Only 1,500 of the original edition were ever produced, and few are found in perfect mint condition or indeed complete. Not surprising, given that most will have ended up in educational settings and - well, you know kids - have had parts lost or written or, or the diorama would have been punched out and assembled.
The collection as a whole does present a single opinion or viewpoint; rather, it lays out the facts in front of the reader in an interesting and visually appealing way, and was clearly designed to allow the reader/class to draw their own conclusions rather than a single viewpoint. However, it is clearly drawing a lot on the conclusions of the Warren Commission, so there is little consideration of more outré theories of the assassination.
What's the best bit?
Undoubtedly, it's item number 1, a military green foolscap folder containing the pieces for a cardboard cut out diorama of Deeley Plaza in Dallas. As well as instructions for pushing out each element from the cardboard and assembling it, it contains a guide to the key positions in the model.
Children were encouraged to build it and use it clearly as a discussion point for the lesson. My own copy is mint and complete and contains the mini open-top car in which the President rode (this tiny piece is often missing in other copies of the folder I've seen; understandably so, given its size).
I've often felt tempted to assemble the model, to see how it looks when completed. But then the collector in me takes over: a pristine, non-assembled version of model is crucial to maintain the integrity of the item; it's the sort of thing collectors will look out fore.

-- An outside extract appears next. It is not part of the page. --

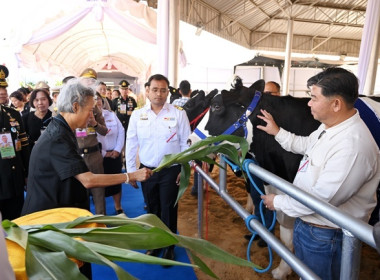 งาน “เทศกาลโคนมแห่งชาติ” ประจำปี 2569 พารามิเตอร์รูปภาพ 10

What do we know about the publisher?
Jackdaw Publications is a US-based educational publishing company specialising in primary source documents; indeed, the company is still publishing.

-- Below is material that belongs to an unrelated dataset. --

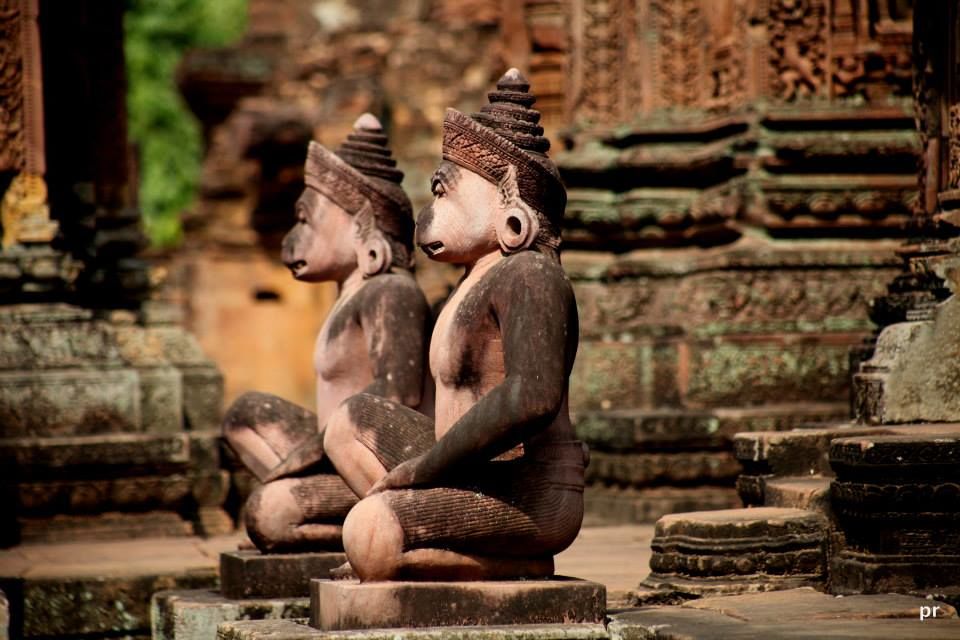 Photo of Cambodia - Temples , forests and introspection 17/20 by Pinaki Ray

The edition I own was published in the UK through a Jonathan Cape/Jackdaw tie-up (Cape was Deighton's publisher already by 1967, when this folder was produced), but I think the version available in the US is pretty much the same item.
On the back of the blue contents document is a list of other similar Jackdaw folders. They cover a diverse range of topics, from The Battle of Agincourt to Joan of Arc, from The Armada to The Crimean War (my copy is, clearly, the UK edition).
Is it collectable?
Perhaps because of the association with Deighton, this has become the rarest and most collectable of the hundreds of Jackdaw folders produced.
If you want to avail yourself of a copy - and don't fancy shelling out £1,000+ on eBay - then this page of the Jackdaw Publications website indicates that facsimiles of the 'sixties original folder are still available to purchase (albeit, without the Presidential Seal on the back of the original). There is even (isn't there always, nowadays) a Facebook group associated with the Jackdaw phenomenon; for many people who went to school in the sixties and seventies, these Jackdaw folders were, evidently, quite the thing.
It's interesting; a rarity. And oddly out of sync with the trajectory of Deighton's career at the time of publication (1967), by which time he's already published the first Harry Palmer novels, and The Ipcress File and Funeral in Berlin had already been turned into movies.
So, as an author he was very much on the up at time of publication, which makes the decision to contribute to what is essentially a school textbook quite intriguing. He didn't have to, but more likely he wanted to as he was interested in the topic, it was timely, and he was helping out friends and colleagues.
Whatever the reason, it's a fascinating piece of ephemera that is still available from time to time online, and certainly at prices far below the listing linked to above.